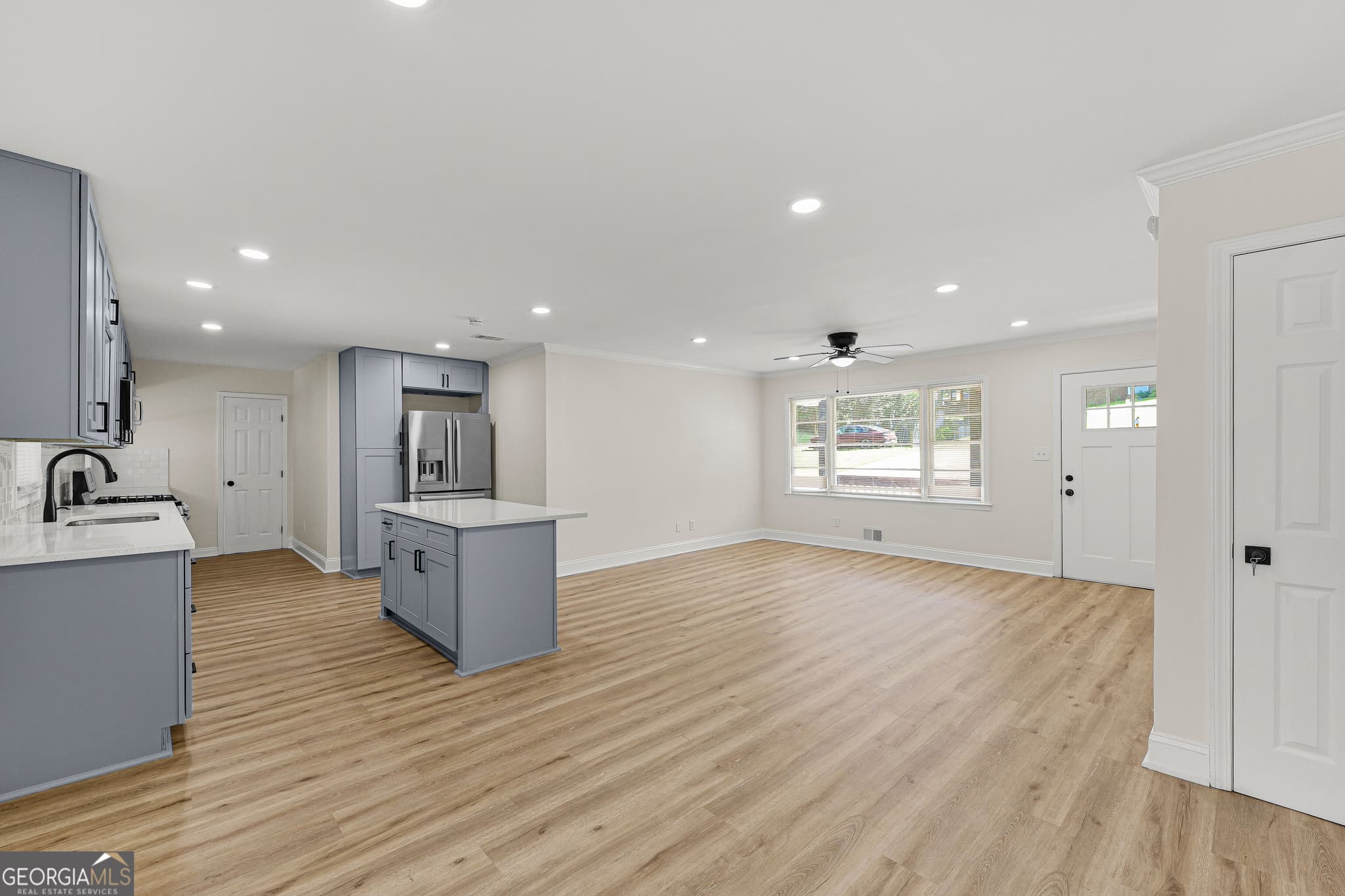 3 bedroom, 2 bathroom, 1,310 sq ft single family residence for sale at 6064 Oak Hill Drive, Austell, GA 30168 — photo 2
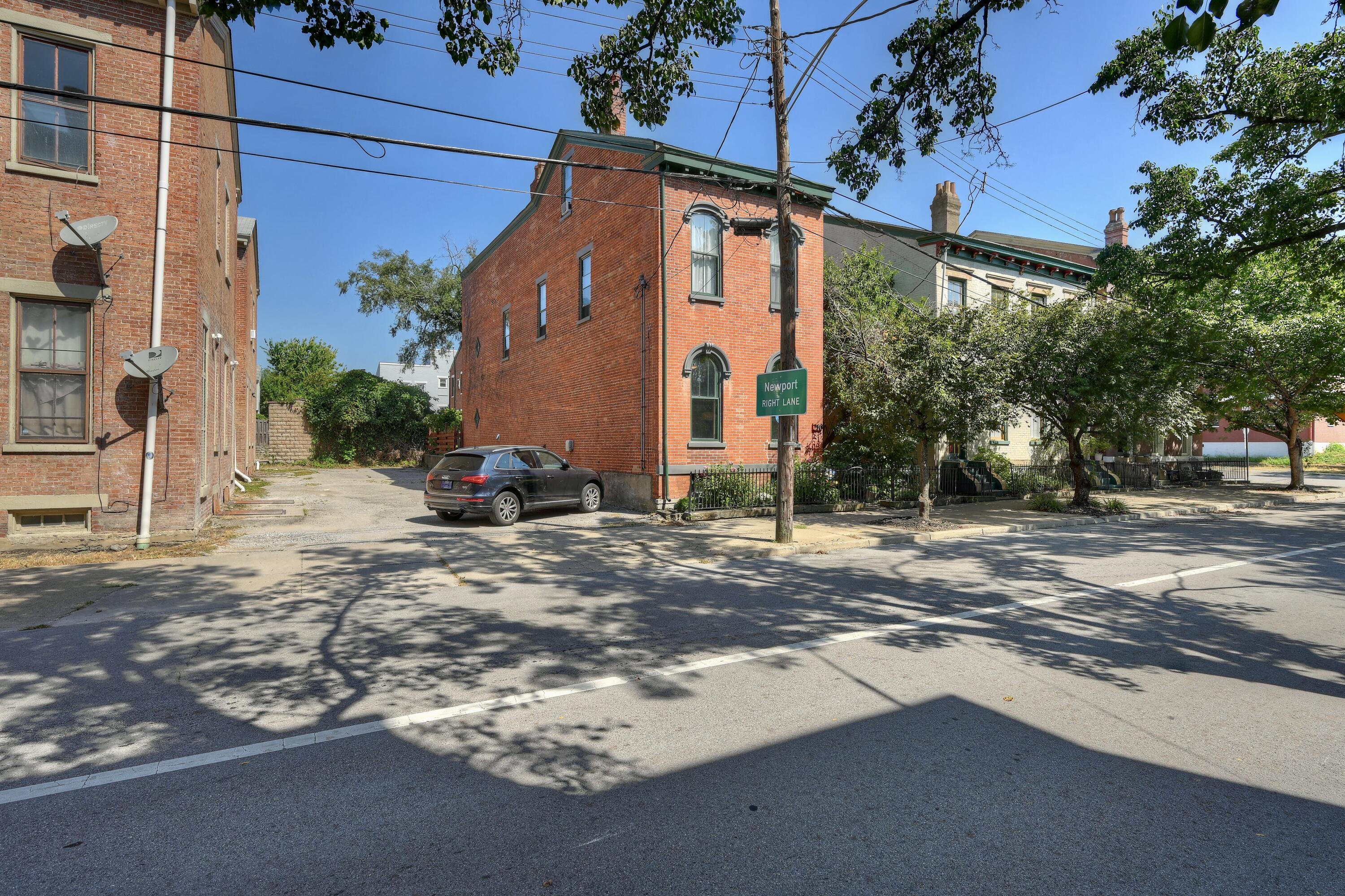 210 E 5th Street Property Photo 3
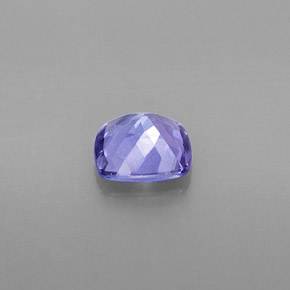 0.87カラットの天然バイオレットブルータンザナイト（6×6 mm・クッションカット）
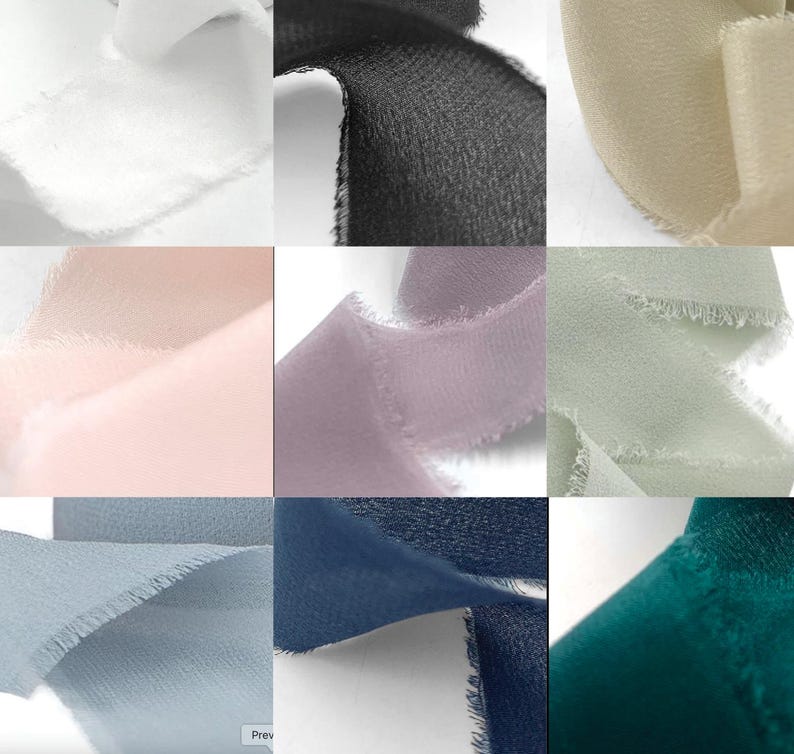 K&ouml;nnte beinhalten: Nahaufnahme von neun verschiedenfarbigen Seidenb&auml;ndern. Zu den Farben geh&ouml;ren Wei&szlig;, Schwarz, Beige, Rosa, Lavendel, Gr&uuml;n, Blau, Marine und T&uuml;rkis. Jedes Band hat einen ausgefransten Rand.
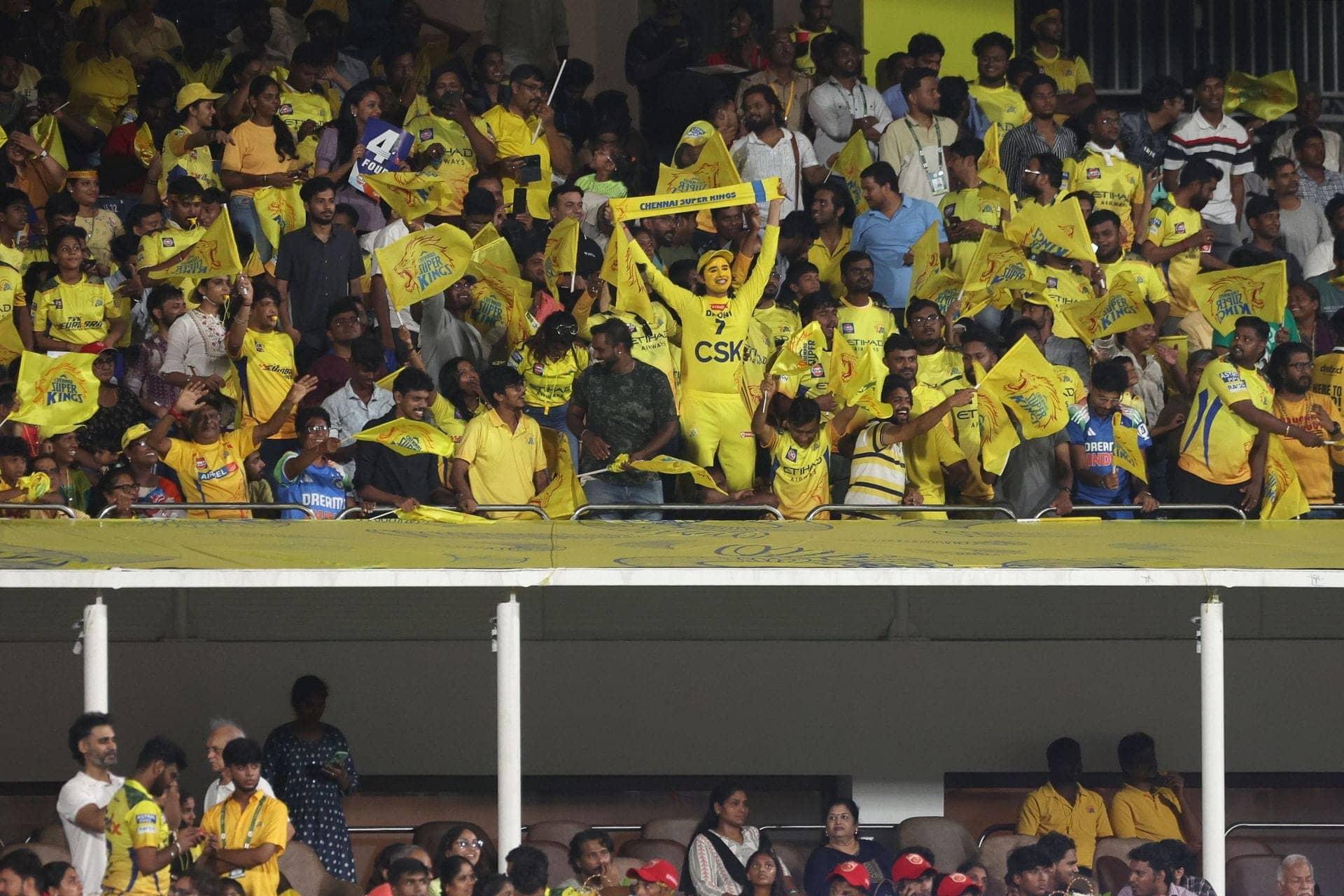 Sarfaraz Khan Unleashes 15-Ball Fifty Madness in Trophy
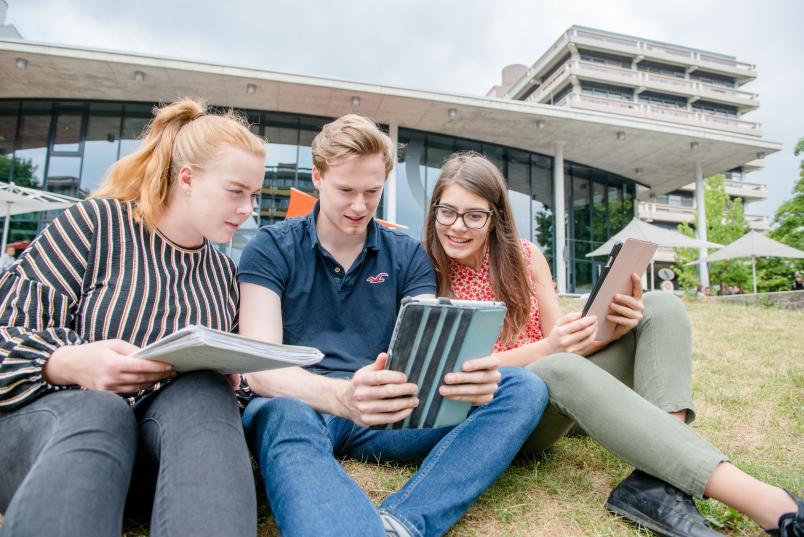 Studierende lernen.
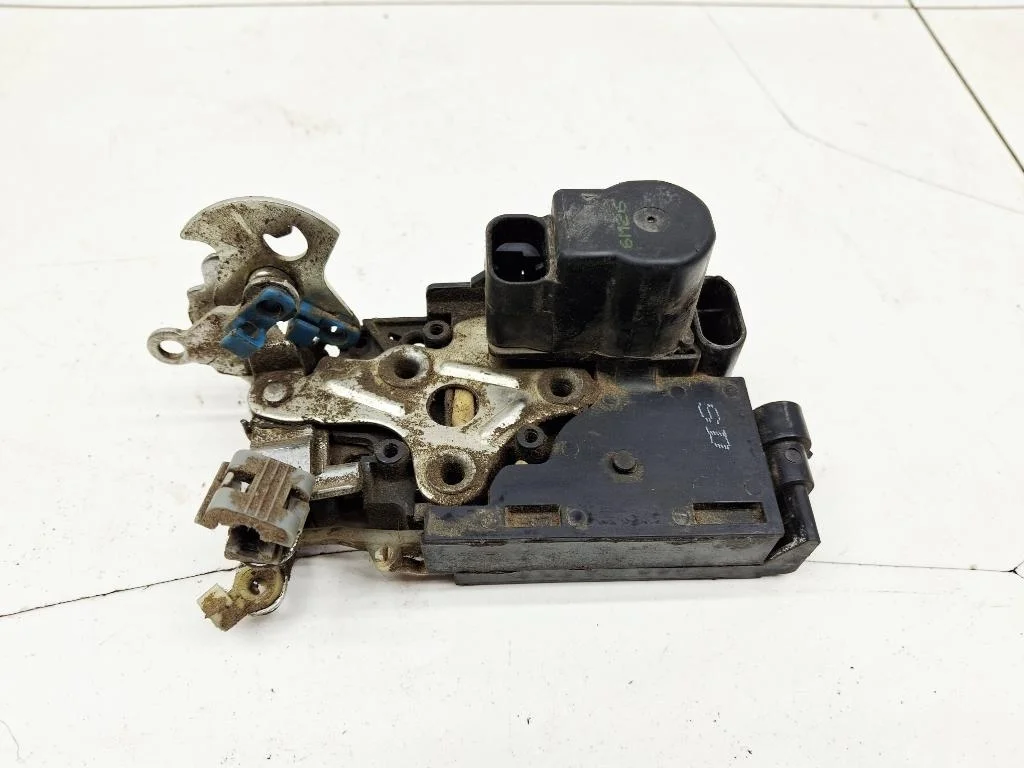 Замок двери передней левой Chevrolet Lacetti 2007 J200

## WORK INSTRUCTIONS
Set down each record above exactly as it stands and leave out all pictures.

## ANSWER BELOW
 3 bedroom, 2 bathroom, 1,310 sq ft single family residence for sale at 6064 Oak Hill Drive, Austell, GA 30168 — photo 2
 210 E 5th Street Property Photo 3
 0.87カラットの天然バイオレットブルータンザナイト（6×6 mm・クッションカット）
 K&ouml;nnte beinhalten: Nahaufnahme von neun verschiedenfarbigen Seidenb&auml;ndern. Zu den Farben geh&ouml;ren Wei&szlig;, Schwarz, Beige, Rosa, Lavendel, Gr&uuml;n, Blau, Marine und T&uuml;rkis. Jedes Band hat einen ausgefransten Rand.
 Sarfaraz Khan Unleashes 15-Ball Fifty Madness in Trophy
 Studierende lernen.
 Замок двери передней левой Chevrolet Lacetti 2007 J200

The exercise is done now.